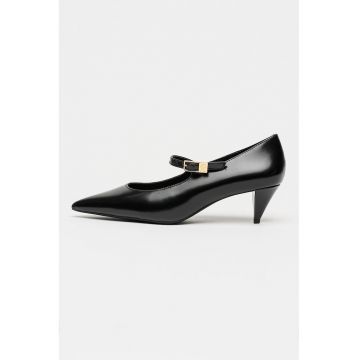 Pantofi Mary Jane din piele cu varf ascutit - Negru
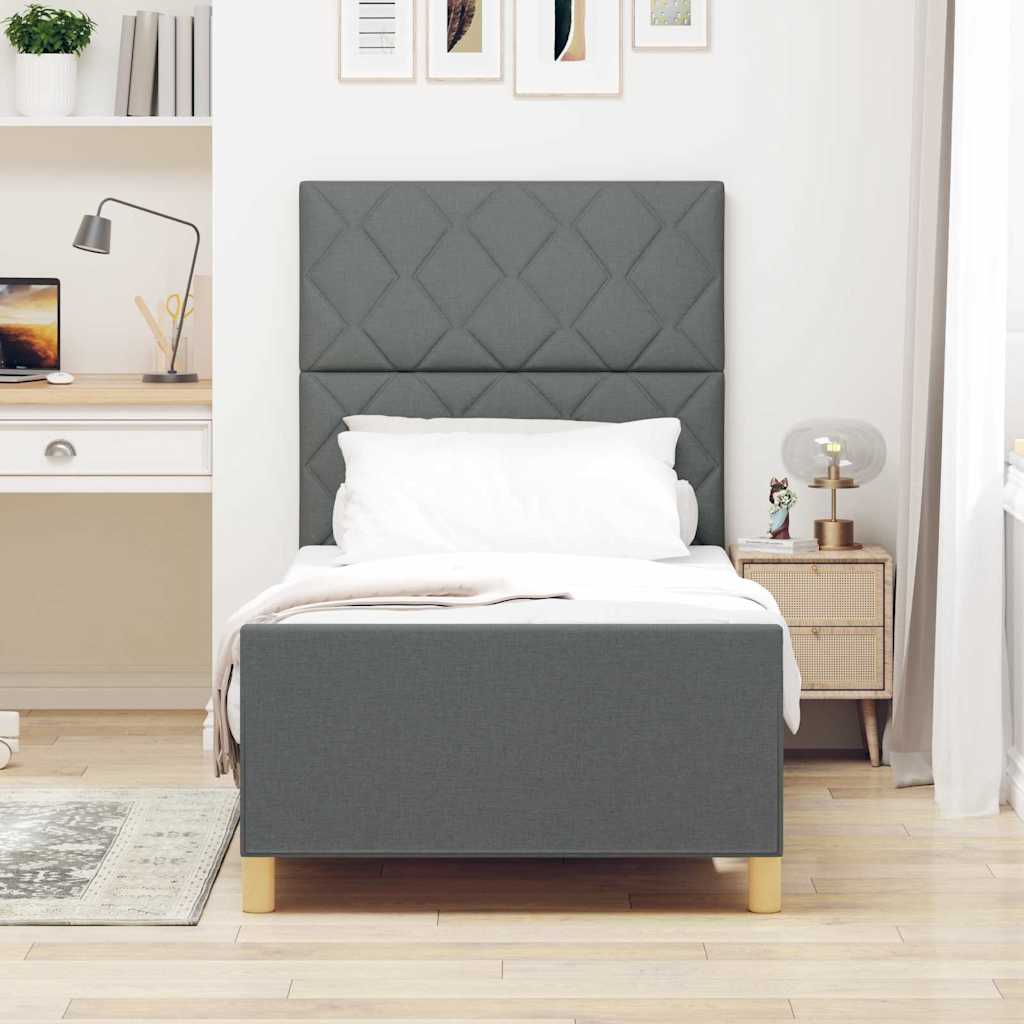 Vidaxl bedframe met hoofdeinde donkergrijs 90 x 190 cm stof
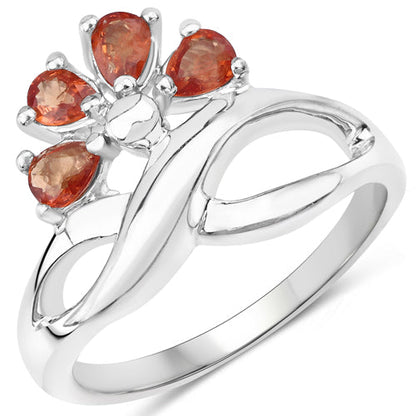 1.68 Carat Genuine Orange Sapphire .925 Sterling Silver Ring Bids.com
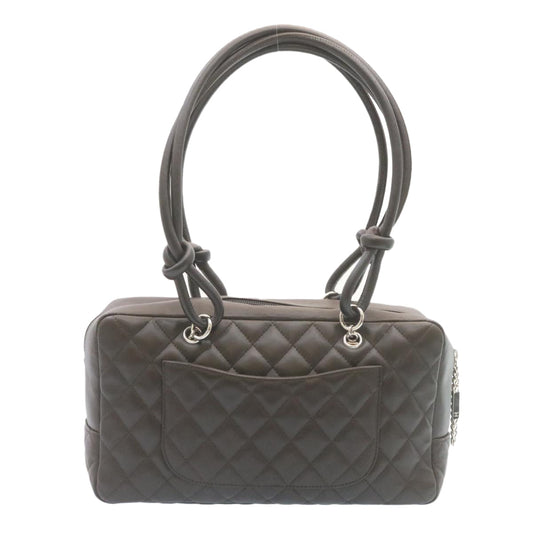 Luxury Chanel Cambon Line Matelasse Hand Bag Leather Dark Brown CC  27850A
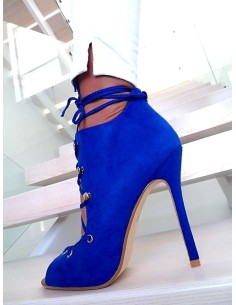 Tulipano Original Designer High Heels Corset Ankle Boots Blue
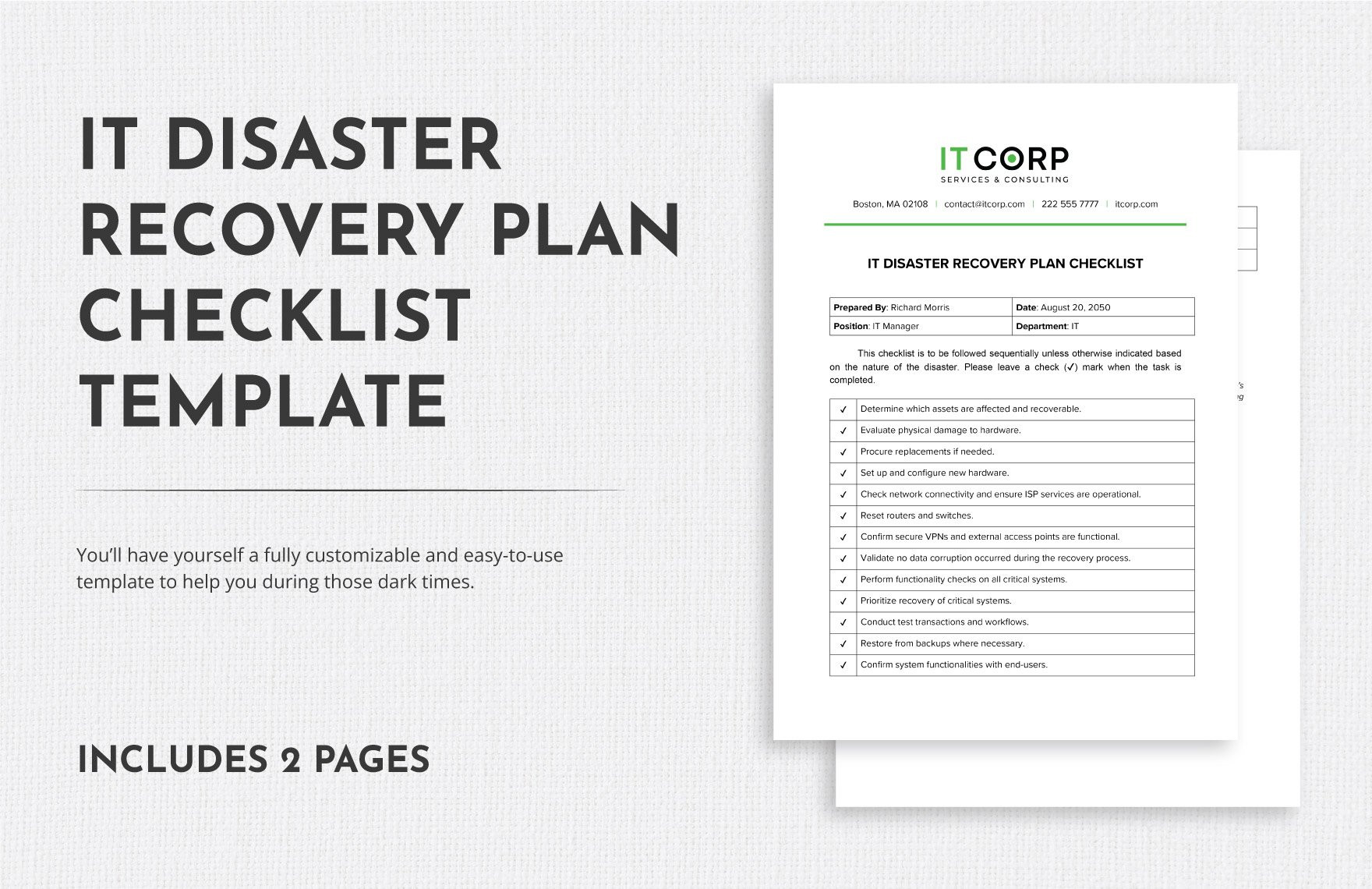 》Printable Disaster Recovery Checklist Template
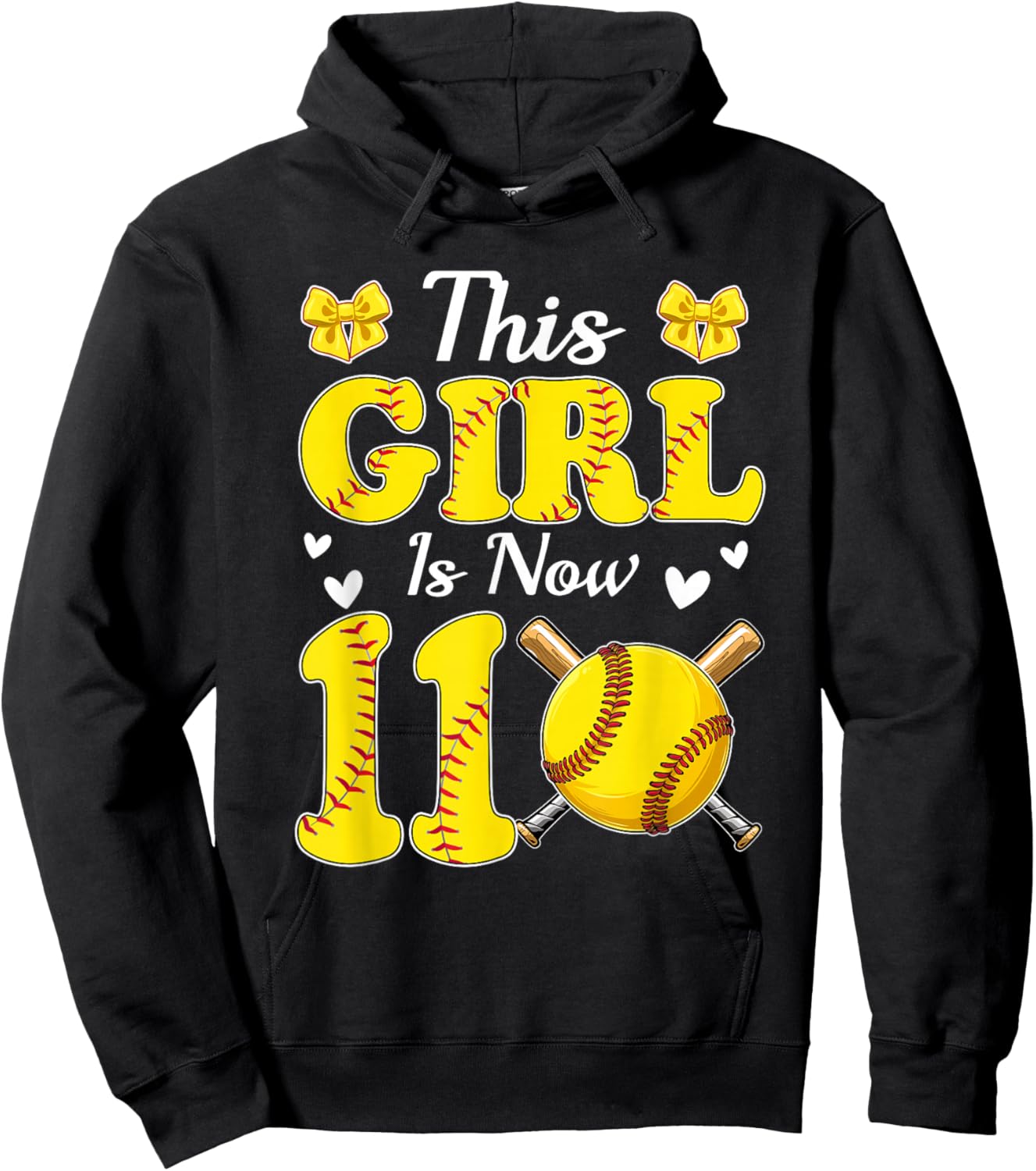 11th Birthday Softball This Baller is Now 11 Year Old Hoodie - Hoodie | Black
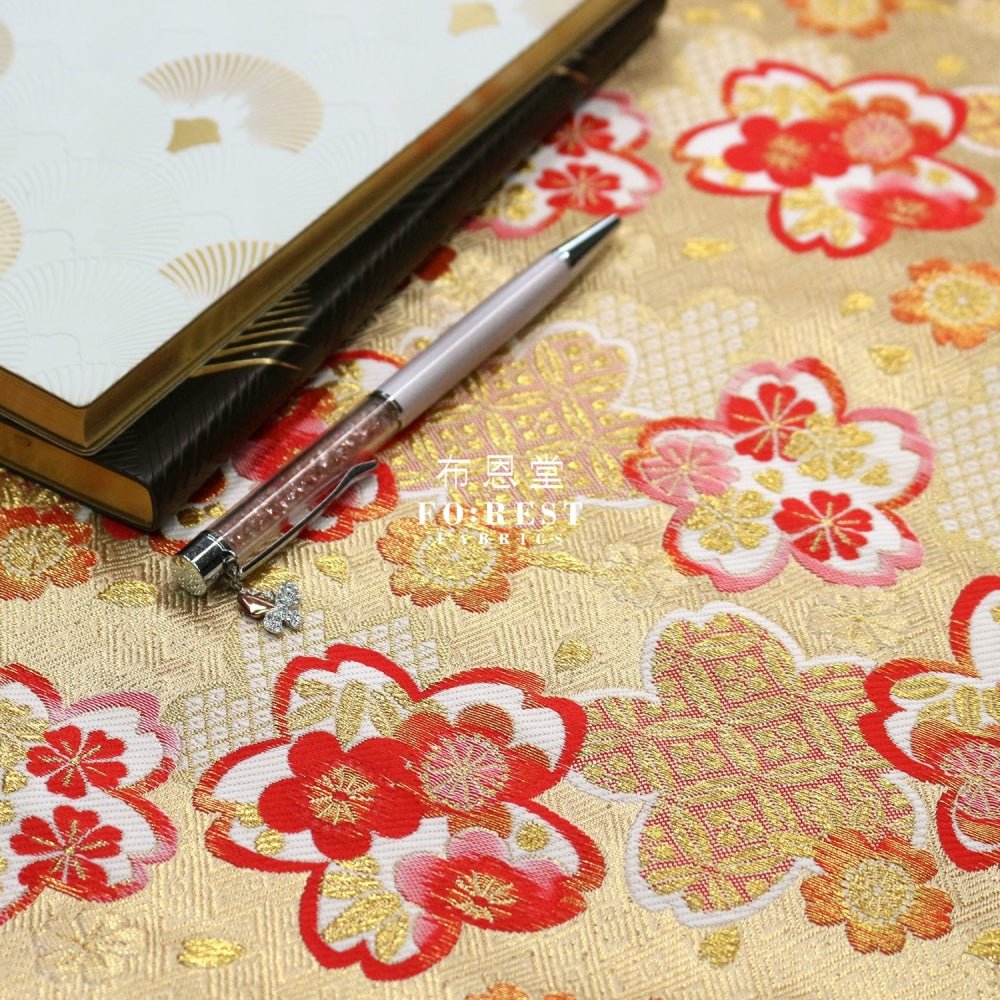 Gold Brocade - Snow sakura fabric Gold - FO:REST Fabric 布恩堂Liberty fabrictana lawnjapanese fabricykk zipper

....................

> About this exercise
What are the lines from the one containing "Tulipano Original Designer" through the end of the records? Write them out exactly, leaving out the pictures.

> Solution to this exercise
 Tulipano Original Designer High Heels Corset Ankle Boots Blue
 》Printable Disaster Recovery Checklist Template
 11th Birthday Softball This Baller is Now 11 Year Old Hoodie - Hoodie | Black
 Gold Brocade - Snow sakura fabric Gold - FO:REST Fabric 布恩堂Liberty fabrictana lawnjapanese fabricykk zipper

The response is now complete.